Seine Reichweite und sein persönlicher Erzählstil sorgen jedoch dafür, dass er ein attraktiver Gesprächspartner ist, vor allem in Krisensituationen und für Medien, die entweder keine eigenen Leute vor Ort haben oder seine Einschätzungen schlicht interessant finden, oft interessanter als diejenigen hauptberuflicher Journalist:innen. Dabei will Lenze genau das eigentlich nicht sein. Im Gespräch verweist er darauf, dass er es Redaktionen überlassen müsse, journalistische Entscheidungen zu treffen. Er selbst spende seine journalistischen Honorare, aber natürlich antworte und liefere er Artikel, wenn er gefragt werde.

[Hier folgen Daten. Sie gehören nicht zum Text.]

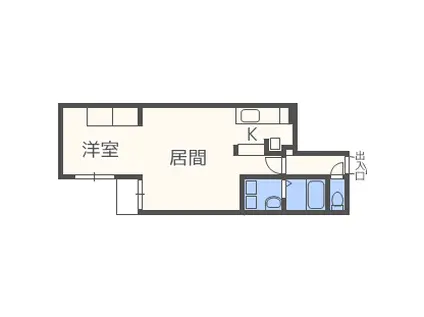 札幌市東西線 菊水駅 徒歩5分 5階建 築13年(1LDK/1階)の間取り写真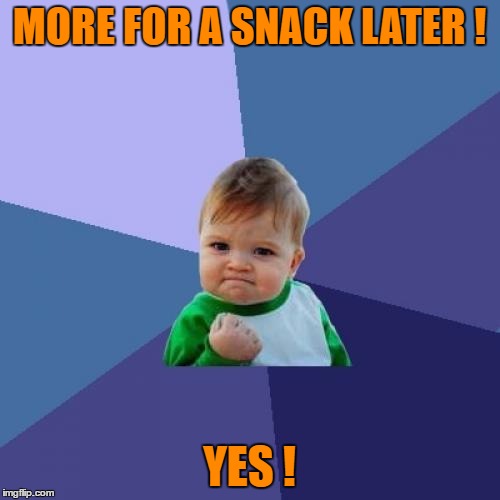 Success Kid Meme | MORE FOR A SNACK LATER ! YES ! | image tagged in memes,success kid | made w/ Imgflip meme maker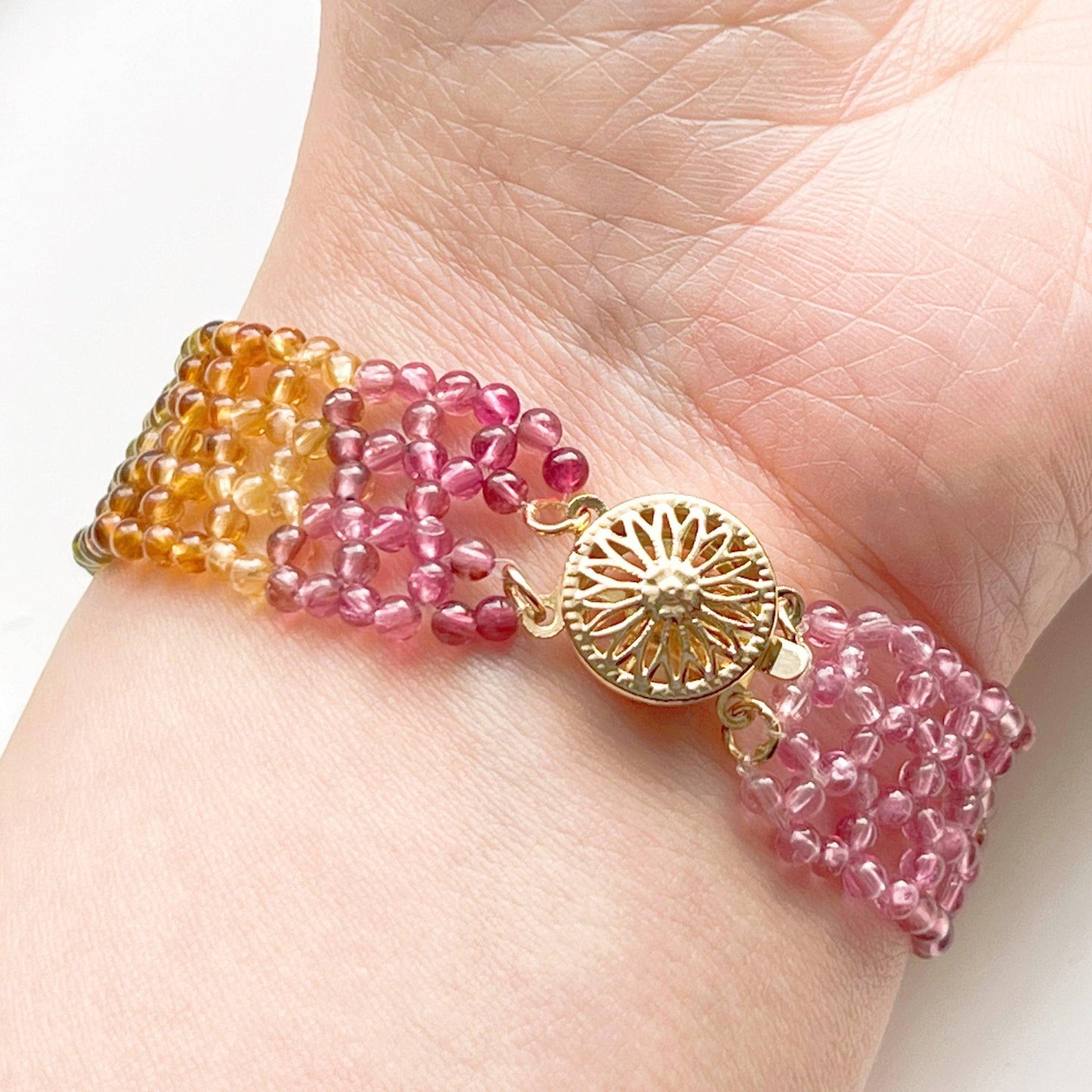 Watermelon Tourmaline Beaded Bracelet Cuff-Ninaouity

Inwieweit sehen Sie sich denn überhaupt als Journalisten? Könnten Sie sich vorstellen, hauptberuflich als Reporter tätig zu sein?

Für mich wäre es schwierig, in einer ganz normalen Redaktion zu arbeiten, das passt nicht richtig zusammen. Weil ich am Ende doch parteiisch bin. Wie jetzt mit der Ukraine, da habe ich keine neutrale Position, sondern bin ganz klar der Meinung: Die Ukraine ist auf der richtigen Seite. Wenn ab und zu Zeitungen kommen und sagen, „den Text hätten wir gern“, oder „kannst du uns da noch mal was erzählen oder ein Interview geben?“, mache ich das jederzeit gerne. Aber dann muss die Redaktion bewerten, ob das okay ist. Ich würde aber nicht hingehen und sagen „bringt diesen Text von mir, weil das ist die pure Wahrheit“. Natürlich versuche ich trotzdem immer wahrheitsgemäß zu berichten, aber ich bin nicht neutral.

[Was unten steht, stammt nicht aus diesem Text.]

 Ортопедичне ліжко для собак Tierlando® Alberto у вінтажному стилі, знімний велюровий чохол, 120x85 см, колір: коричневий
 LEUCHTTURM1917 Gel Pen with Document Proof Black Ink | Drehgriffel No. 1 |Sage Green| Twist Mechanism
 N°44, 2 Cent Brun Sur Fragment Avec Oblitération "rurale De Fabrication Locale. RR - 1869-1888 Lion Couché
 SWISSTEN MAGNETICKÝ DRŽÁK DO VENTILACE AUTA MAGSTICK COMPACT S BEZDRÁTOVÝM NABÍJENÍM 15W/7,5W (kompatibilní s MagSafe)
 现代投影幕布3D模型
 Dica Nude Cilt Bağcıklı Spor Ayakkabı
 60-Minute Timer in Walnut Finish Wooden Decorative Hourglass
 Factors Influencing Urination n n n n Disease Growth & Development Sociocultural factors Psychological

Ich bin nun mal der Meinung, wenn ich ins Nachbarland gehe und Zivilisten erschieße, dann kann ich mich nicht wirklich darüber beschweren, wenn mir ins Knie geschossen wird. Die Russen begehen ein Kriegsverbrechen nach dem anderen. Wenn Du in der Kneipe auf einmal anfängst auf alle einzuprügeln, weil es Dir Spaß macht, und dann nimmt auf einmal einer einen Aschenbecher und schlägt damit zurück, dann kannst Du Dich auch nicht hinstellen und sagen „das ist jetzt aber unfair“. In meiner Logik funktioniert das einfach nicht. Begehe keine Kriegsverbrechen, wenn du nicht willst, dass man Dir ins Knie schießt. Ich finde das ziemlich simpel.

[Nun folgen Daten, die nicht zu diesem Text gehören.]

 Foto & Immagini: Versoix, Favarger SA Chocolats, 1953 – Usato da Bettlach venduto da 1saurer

Mir ist klar, dass das journalistisch so nicht geht und ich würde das auch nicht in einen Artikel schreiben, nach dem Motto: Darum ist es wichtig, Leuten in die Beine zu schießen. Es ist fast nie richtig, auf jemanden zu schießen – und es gibt genug Gründe, die ich nicht nachvollziehbar finde. Aber es ist für mich ein Missverhältnis, wenn Leute sagen, das geht ja gar nicht, aber nicht ihr erster Punkt ist, der hätte das Land nicht überfallen dürfen. Und das finde ich fast immer so, dass für mich relativ eindeutig ist, wer auf der richtigen und der falschen Seite steht. Das ist ein bisschen wie mit den deutschen IS-Terroristen, die wir jetzt zurückholen, wo es dann heißt, die hatten auch echt harte Haftbedingungen da. Oh Wunder! Es sind IS-Terroristen, die haben unfassbare Verbrechen begangen, alle hassen sie. Natürlich hatten die harte Haftbedingungen. Mit Leuten, die solche Verbrechen begehen, habe ich einfach kein Mitleid. Und ein ARD-Korrespondent sagt Zuhause vielleicht das gleiche, aber ich habe eben die Freiheit, es auch auf Twitter zu sagen. Warum soll ich meine Meinung da verheimlichen?

Was den Umgang mit dem Schrecken und der Gefahr und den Bildern, die man sieht, angeht: Es ist einfach so, dass es da keine großen Geheimnisse gibt. Man kommt morgens zum Frühstücksbuffet und alle sind ruhig. Und dann weiß man, okay, da ist wieder ein Reporter gestorben, weil sonst wären die Leute lauter und hätten bessere Laune. Und am Abend, wenn die von ihren Touren zurückkommen, dann sitzen sie alle da und saufen bestimmt dreimal so viel wie die letzten Tage. Das merkt man schon ganz, ganz deutlich. Aber es gibt keine speziellen geheimen Tricks oder so, sondern klar belastet einen das und das hat man auch lange im Kopf. Aber irgendwie gewöhnt man sich daran. Mir scheint die Welt, wie sie die Leute vor Ort ja einfach erleben oder wie sie ihr Leben leben, ist halt unterschiedlich und am Ende gewöhnt man sich an alles, was man regelmäßig tut. Ich selbst mache dann einfach immer mit dem nächsten Projekt weiter. Bisher hat das immer geklappt und ich drücke die Daumen, dass es so bleibt.